\documentclass[11pt]{scrartcl}
\usepackage{evan}
\begin{document}
\title{USAMO 1997/1}
\subtitle{Evan Chen}
\author{Twitch Solves ISL}
\date{Episode 50}
\maketitle
\section*{Problem}
Let $p_1, p_2, p_3, \ldots$ be the prime numbers
listed in increasing order,
and let $0 < x_0 < 1$ be a real number between 0 and 1.
For each positive integer $k$, define
\[ x_k = \begin{cases} 0 & \mbox{if} \; x_{k-1} = 0, \\[.1in]

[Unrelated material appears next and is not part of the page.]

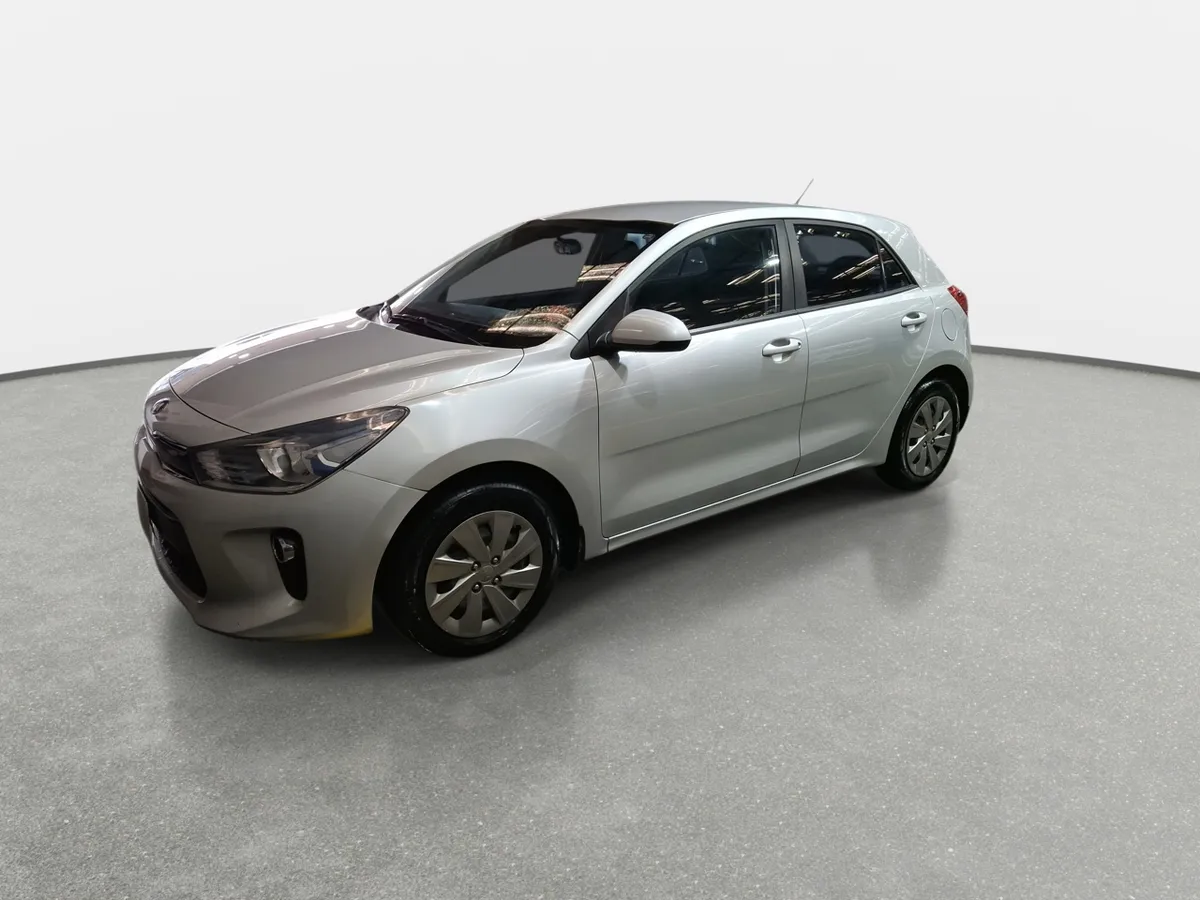 Kia Rio 5 1.4 Ex 4x2 6mt 5p año 2020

{\displaystyle \left\{ \frac{p_k}{x_{k-1}} \right\}}
& \mbox{if} \; x_{k-1} \neq 0,
\end{cases} \]
where $\{x\}$ denotes the fractional part of $x$.
Find, with proof, all $x_0$ satisfying $0 < x_0 < 1$
for which the sequence $x_0, x_1, x_2, \ldots$ eventually becomes $0$.
\section*{Video}
\href{https://www.youtube.com/watch?v=5jIFaUjnkg0&list=PLi6h8GM1FA6yHh4gDk_ZYezmncU1EJUmZ}{\texttt{https://youtu.be/5jIFaUjnkg0}}
\section*{External Link}
\url{https://aops.com/community/p343871}
\newpage
\section*{Solution}
The answer is $x_0$ rational.
If $x_0$ is irrational, then all $x_i$ are irrational by induction.

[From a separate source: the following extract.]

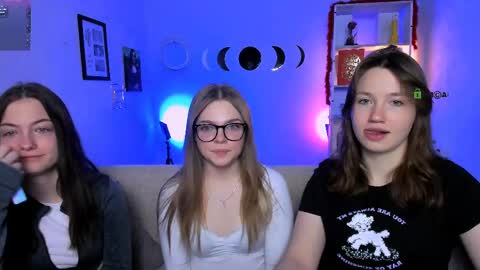 Snapshot of helli_belli chatting on April 2026 07:30:02 PM Helli online show from April 2026 07:30:02 PM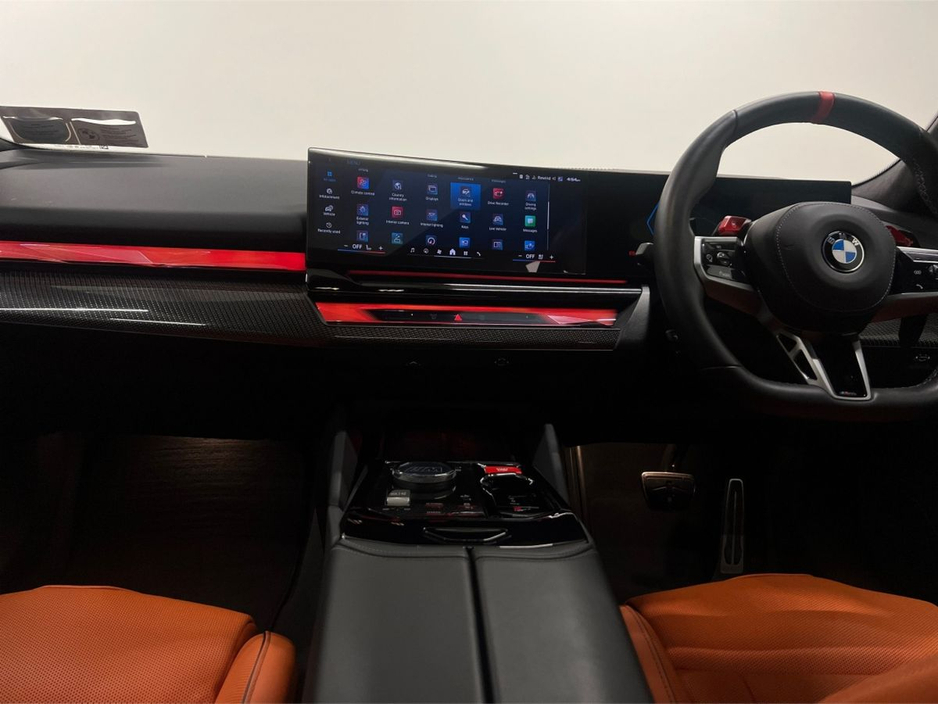 2025 BMW M5 G90 M5 Saloon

So the sequence cannot become zero.
If $x_0$ is rational, then all are.
Now one simply observes that the denominators of $x_n$
are strictly decreasing, until we reach $0 = \frac 01$.
This concludes the proof.
\begin{remark*}
The sequence $p_k$ could have been any sequence of integers.